Stored items

=== Section Start ===

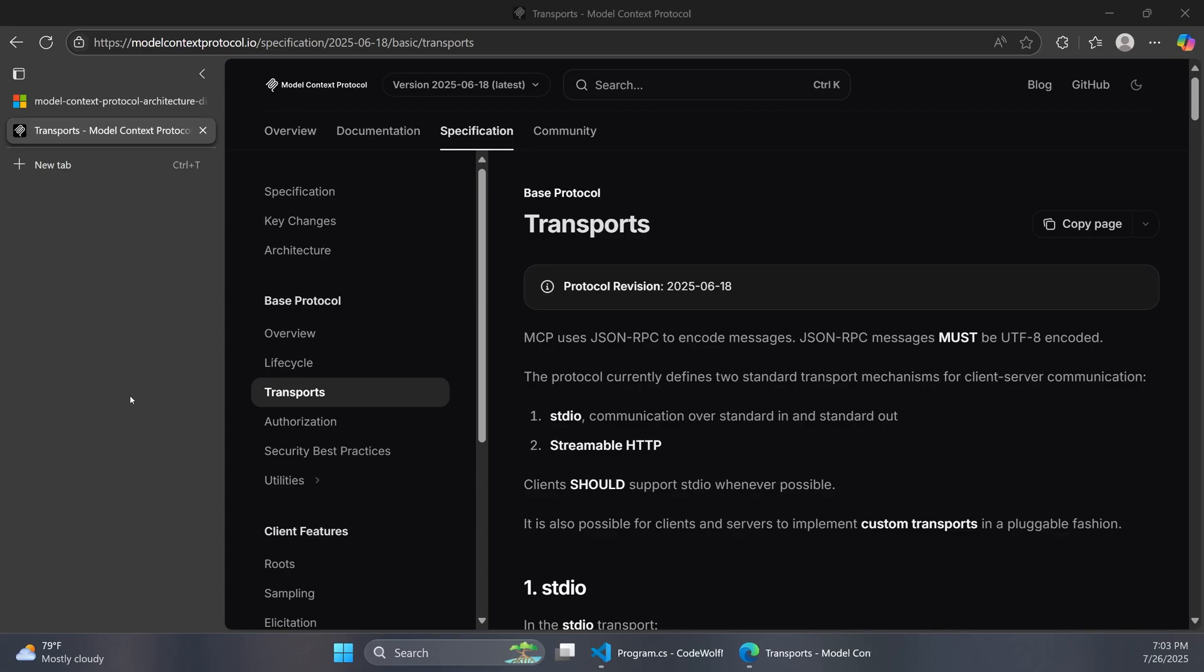Welcome back to the CodeWolf. Today we're going to jump right in and talk about how to deploy and host a remote MCP server.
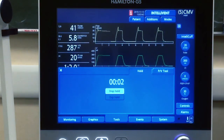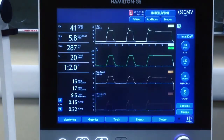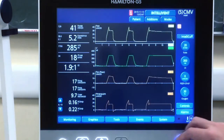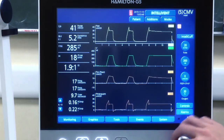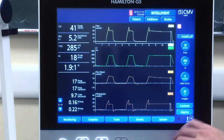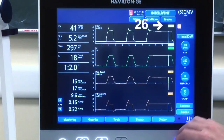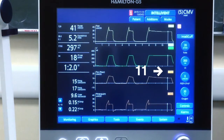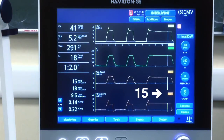First we need to perform an inspiratory hold and measure these numbers. Plateau of the airway pressure curve: 26. Plateau of the esophageal pressure: 11. Plateau of the transpulmonary pressure: 15, which is the difference between the two.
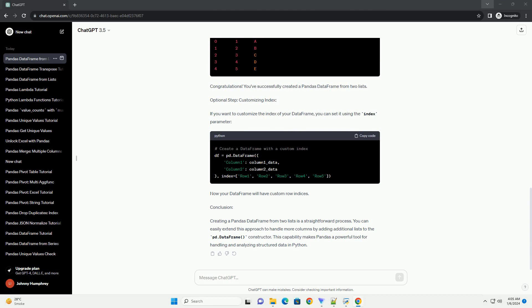Conclusion: Creating a Pandas DataFrame from two lists is a straightforward process. You can easily extend this approach to handle more columns by adding additional lists to the pd.DataFrame constructor. This capability makes Pandas a powerful tool for handling and analyzing structured data in Python.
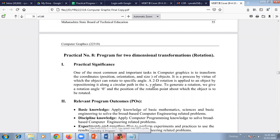Good morning students. Today we are going to start practical number eight for computer graphics subject — a program for two-dimensional transformation. We have already seen translation and scaling. Today we are going to start about rotation. First we need to know about rotation.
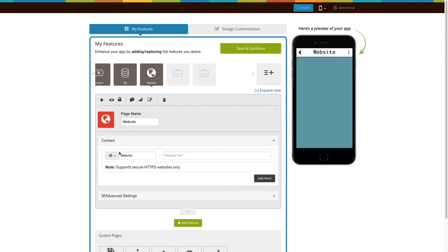Now let's take a look at all that you can do with the newly added website page. This is your page name. If you want, you can change it to what you would like.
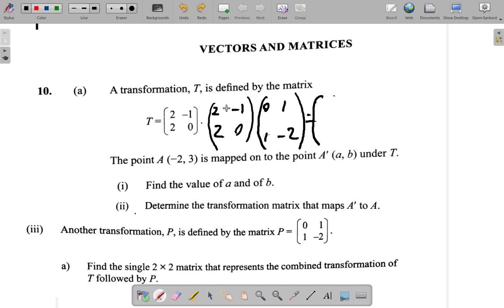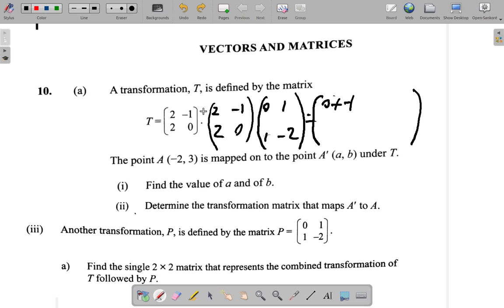Let's see if I get the same thing that you got. First element: 2 times 0 is 0, plus negative 1 times 1, which is negative 1. Then over here is the top row by the right column: 2 times 1 is 2, plus negative 1 times negative 2 gives a positive 2.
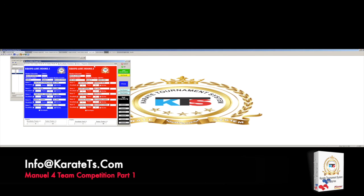That's it for this video. On our next video, we'll be using this information to run a tournament with the electronic scoreboard of Karate Tournament System. Maybe you use a different scoreboard system you feel more comfortable with — that's fine — but now we're going to go fully automatic: all this information will be filled out through the scoreboard system. Thank you for watching and see you on the next video. Bye.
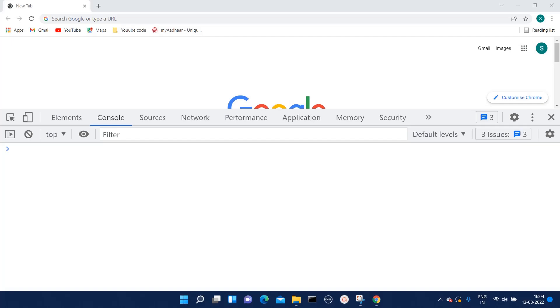Hello everyone, welcome to Quick Code Academy. Today in this lecture I will show you when we get 'Assignment to constant variable' Uncaught TypeError. For that, I have opened the console.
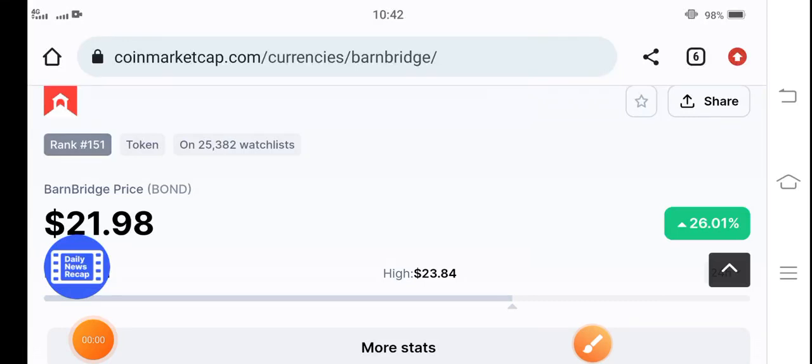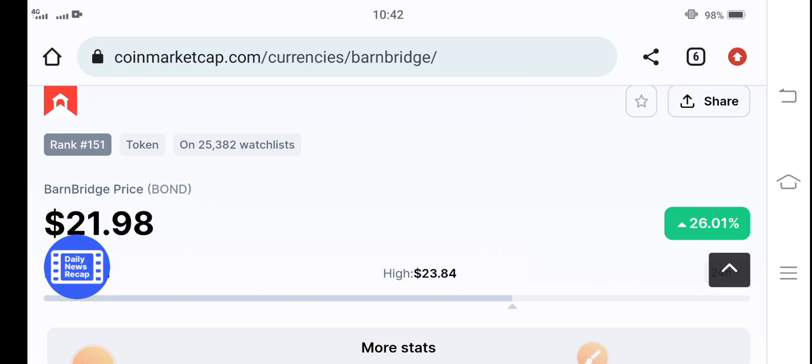Hey, what's up BarnBridge token holders? How are you born token holders? Hope you're feeling well guys. Today's video I'm talking about a BarnBridge price prediction. I'm talking about the future pump of born token guys, why born token is going to pump and how long it will pump.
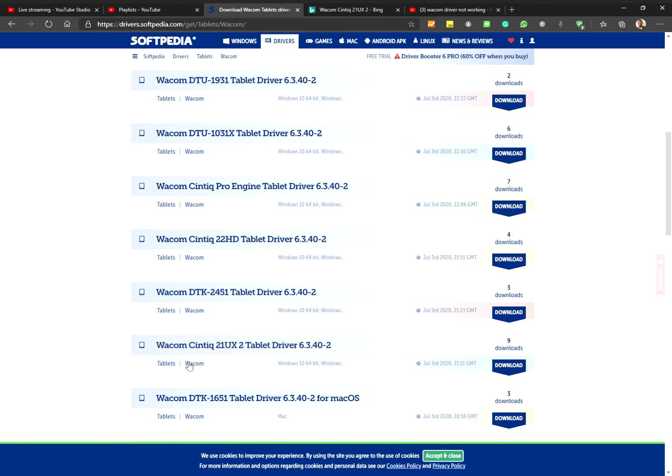Once you download that and install it, it will probably give you an option to restart. Do that and it should work for you. Thanks!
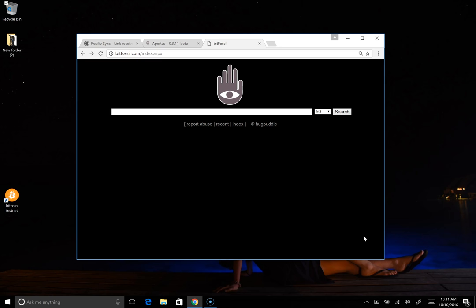Team World! Today I'm going to show you how to connect your local Apertus client to the real-time index of Apertus data that is being captured by Bitfossil.com. Bitfossil.com has opened up their master index, the root index, using BitTorrent Sync.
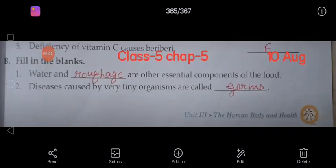Good morning children. Today you will write the fill in the blanks. You will write the fill in the blanks of chapter 5. So mention the heading: Fill in the Blanks.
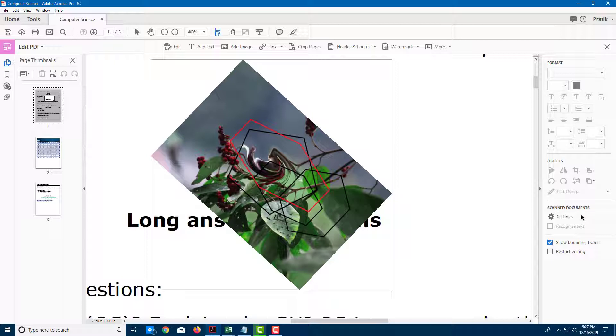That is how you can insert images and work with images inside of Adobe Acrobat Pro DC.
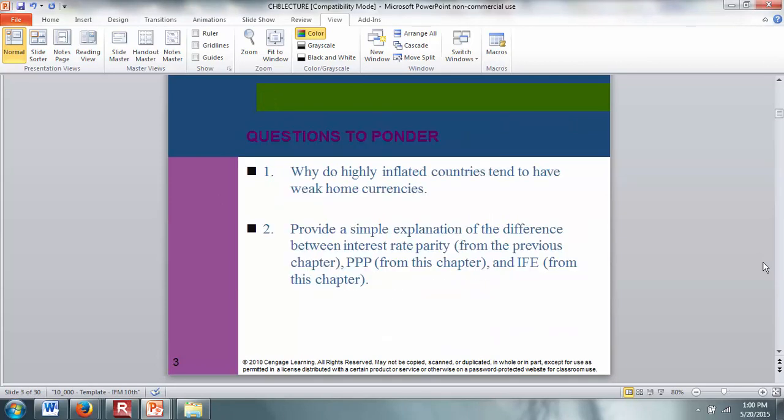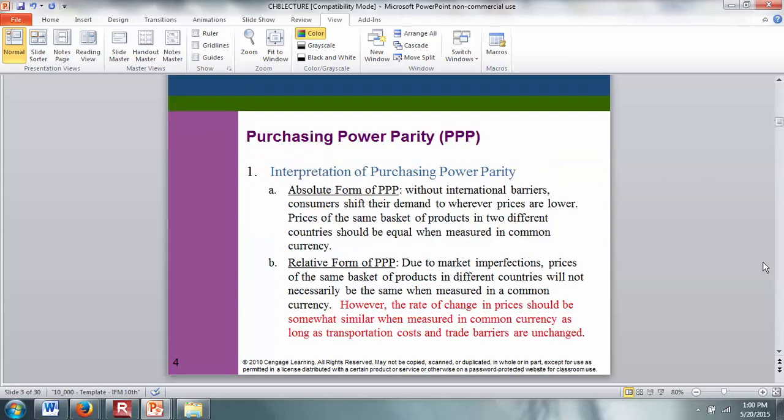What are some of the questions we try to answer? Why do highly inflated countries tend to have weak home currencies? We touched on this in chapters 2 and 4, but here we give it a more quantitative view. We also provide a simple explanation for the differences between interest rate parity, purchasing power parity, and the International Fisher Effect — the three perhaps most important relationships in international finance.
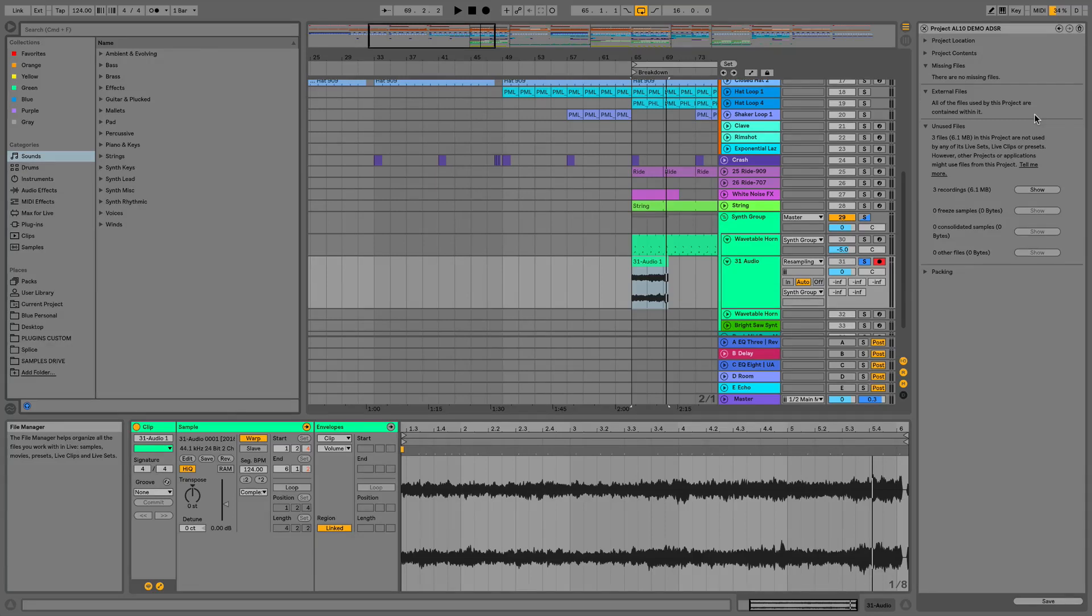So that's everything for this video on Ableton Live's file handling and I'll see you in the next one where we're going to take a look at the browser.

=== Section End ===

:: Prompt ::
Set down nothing but the lines from the one containing "What are some" to the final line above, both included, with every picture left out.

:: Answer for the task ::
What are some of the questions we try to answer? Why do highly inflated countries tend to have weak home currencies? We touched on this in chapters 2 and 4, but here we give it a more quantitative view. We also provide a simple explanation for the differences between interest rate parity, purchasing power parity, and the International Fisher Effect — the three perhaps most important relationships in international finance.
So that's everything for this video on Ableton Live's file handling and I'll see you in the next one where we're going to take a look at the browser.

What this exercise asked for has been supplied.